The Dog Show: Time Traveler Umeyama’s Drawings from the 21st Century
I have been creating a fictional museum, The Umeyama Time Teleportation Museum (UTTM), that explores our everyday contemporary world from the perspective of a time traveler from the Japan of 170 years ago. Umeyama, a Japanese scholar from the Edo era, time travels back and forth between his time and various locations in the 21st century, including Berlin, Germany; Saugatuck, MI; Johnson, VT; Skowhegan, ME; and South Texas. While staying in the 21st-century world, he conducts fieldwork and creates pictorial diagrams and drawings. Using these Umeyama’s artifacts, I construct traveling exhibitions from UTTM Within actual gallery spaces.
Just like writers tell stories using the 3rd person narrative, I chose to borrow Umeyama’s point of view to describe and question the contemporary world through artwork,. This is my challenge towards commonly agreed upon configuration of artworks that utilize the first-person point of view as voice for their artworks. I switch perspective from the personal to the objective voice of Umeyama. However, I am aware that it is impossible to completely remove Umeyama from myself. I feel that his personality originated by magnifying one aspect of my personality excessively. Umeyama chose dogs of the 21st century as his focus because of their rarity and high price back in his native time of the Edo era, in Japan, as a possible funding source for his government. I chose dogs as the 21st Western world zeitgeist to reflect human desire and sentiment.
I believe in the power of fiction, using Umeyama as my storyteller to capture the essence of the modern-day world we live in. The presentation style of using the museum format is to challenge the balance between artworks and preliminary knowledge that is usually required to gain access beyond the surface level.
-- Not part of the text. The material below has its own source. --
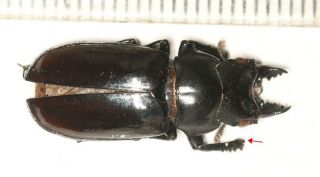 Lucanidae Prismognathus Sp.  Tibet Beete Specimen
It was almost 30 years ago, one steamy, hot summer day, when I saw someone walking Siberian Husky dog on a busy street in Bangkok, Thailand. It was when the word globalization started to appear here and there. Why a Siberian anything in Thailand?
I want to know about the world I live. I came to this foreign country, the US, when I was in my 30s. A personal paradigm shift including cultural and language differences strengthened my curiosity of wanting to make sense of this place. Mundane quotidian objects of our times surely inform us about our current existence. Both events and “stuff” in our lives have root causes or reasons. My approach is using the mundane as an extension of the broader world.
In this body of work, I chose to use a micro perspective to see my world by borrowing Umeyama’s view. Umeyama is not a hero, rather, he is a mediocre scholar who time-travels to various times and places. His base point is the Japan of 170 years ago. His time was when the country was under governmental enforced national isolation. I see some similarities between one’s process of knowing and living with very limited information about other countries. There are many parallels between him and myself, but he is not my alter ego. I use him to see the world more objectively through his subjective view, yet some traces of my subjectivity are not denied in my works.